The no-effect threshold was determined to be at 0.5 ppm NO2.30 As explained in the WHO publication, the lowest level of NO2 exposure reported in more than one laboratory to show a direct effect on pulmonary function in asthmatics, when exposed for 2–2½ hours, was 0.3 ppm.34–36 These observations must be considered within the context of neonates with PPHN and significant comorbidities. The concentration of NO2 with a harmful effect in this vulnerable patient population may well be lower than what was observed clinically in healthy volunteers.
According to a WHO publication on the effects of NO2 on airway inflammation at a cellular level, NO2 was found to enhance epithelial damage and increase baseline smooth muscle tone.31 Moreover, the publication characterizes NO2 concentrations from 3 to 5 ppm as high and describes the deleterious effects that can result from such concentrations on cellular and inflammatory mediators.
Extracellular Damage Associated with NO2
Extracellular NO2-induced damage starts when gaseous NO2 enters the lungs and interacts with the ELF. The ELF contains aqueous extracellular antioxidants including glutathione (GSH) and ascorbic acid. Interaction between NO2 and these antioxidants leads to the production of reactive oxygen species (ROS) including superoxide and hydrogen peroxide. The extracellular ROS serve as the mediators of cellular injury seen in the airways and surrounding the alveoli of the lungs as a result from inhaling NO2 (Figure 1).

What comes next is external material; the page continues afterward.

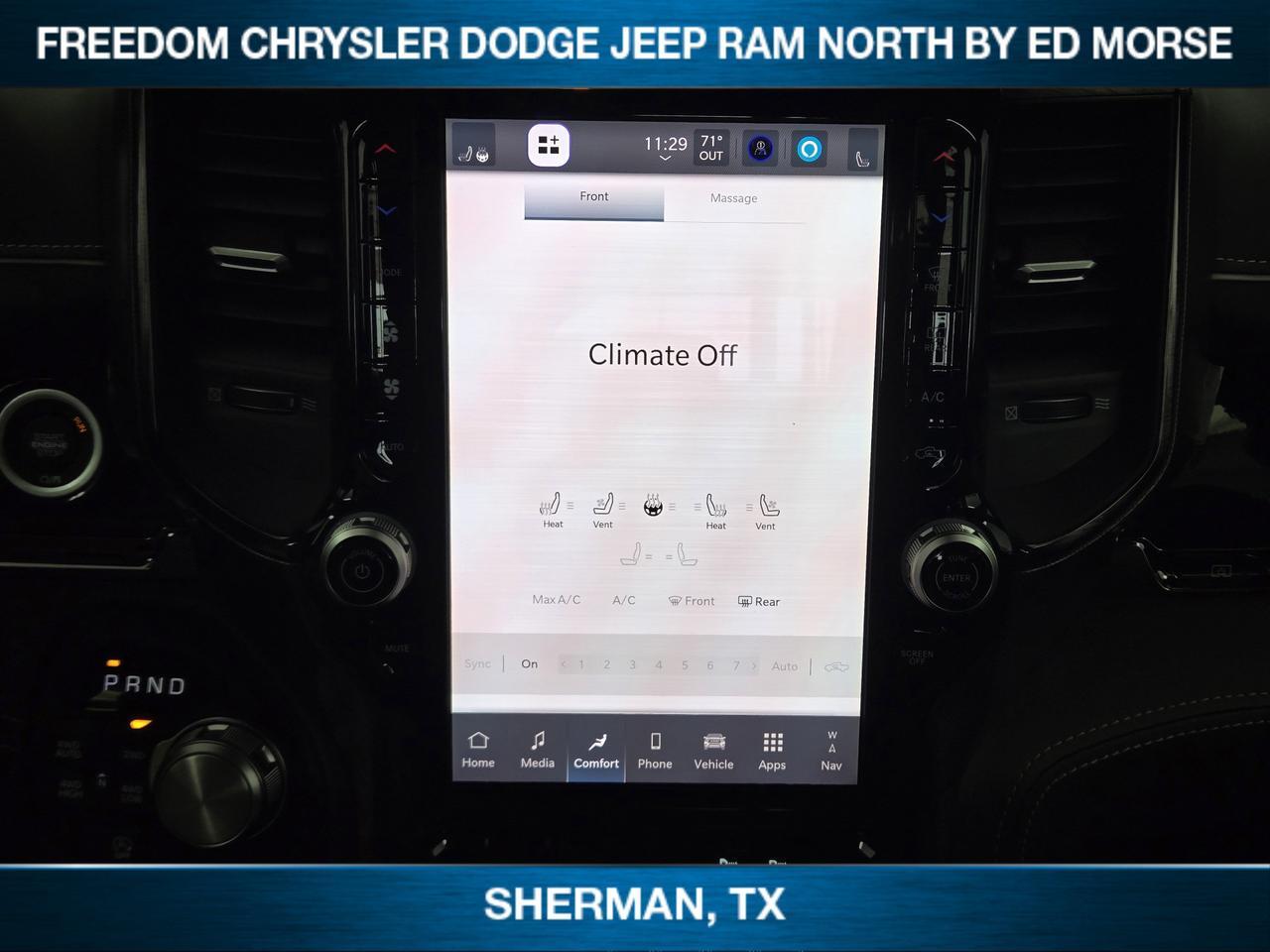 2026 Ram 1500 Limited Sherman TX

Biochemical Mechanism of NO2 Injury Through Oxidative Damage
NO2 has been implicated in the etiology of oxidative damage.39 Although oxidation reactions are essential for life, they can also be damaging; animals maintain complex systems of multiple types of antioxidants, such as vitamin C, vitamin A, and vitamin E as well as enzymes such as catalase and various peroxidases. Insufficient levels of antioxidants, or inhibition of the antioxidant enzymes, may contribute to OS.40
OS reflects an imbalance between the systemic manifestation of ROS and a biological system’s ability to readily detoxify the reactive intermediates or to repair the resulting damage. Disturbances in the normal redox state of cells can cause toxic effects through the production of peroxides and free radicals that damage proteins, lipids, and DNA. Oxidative stress from oxidative metabolism causes base damage as well as strand breaks in DNA. Further, some ROS are essential for normal mechanisms of cellular signaling.41
OS is suspected to be important in neurodegenerative diseases including Lou Gehrig’s disease and multiple sclerosis. Evidence via biomarkers of ROS and reactive nitrogen species (RNS) indicates that oxidative damage may be involved in disrupting mitochondrial respiration and mitochondrial damage related with Alzheimer’s disease, Parkinson’s disease, and other neurodegenerative diseases.42
OS is linked to cardiovascular disease because oxidation of low-density lipoprotein (LDL) in the vascular endothelium is a precursor to plaque formation.43 OS also plays a role in the ischemic cascade because of oxygen reperfusion injury after hypoxia.44 This cascade includes both strokes and heart attacks.45 OS has also been implicated in chronic fatigue syndrome,46 hyperoxia,47 and diabetes.48 OS can be reduced by avoiding exposure to unnecessary oxidation,49 reducing mitochondrial metabolism,50 and by increasing the use of antioxidants.51,56
The biochemical environment in the lung alveoli is complex, because of the variation of protective proteins, antioxidant concentrations, pH, and partial oxygen pressure across the lungs. Each of these factors influences the protective pathways and resultant oxidative byproducts. The lungs are at the greatest risk for oxidative damage because of the presence of exogenous oxygen. To mitigate this risk, the lungs also have the most abundant protective mechanisms against oxidative damage including an ELF that contains GSH, superoxide dismutase, catalytic iron, catalase, uric acid, and surfactant unsaturated fatty acids (UFAs). Although these molecules are often found intracellularly, those found in the ELF are extracellular isozymes that differ from their corresponding intracellular counterparts to function in the extracellular environment.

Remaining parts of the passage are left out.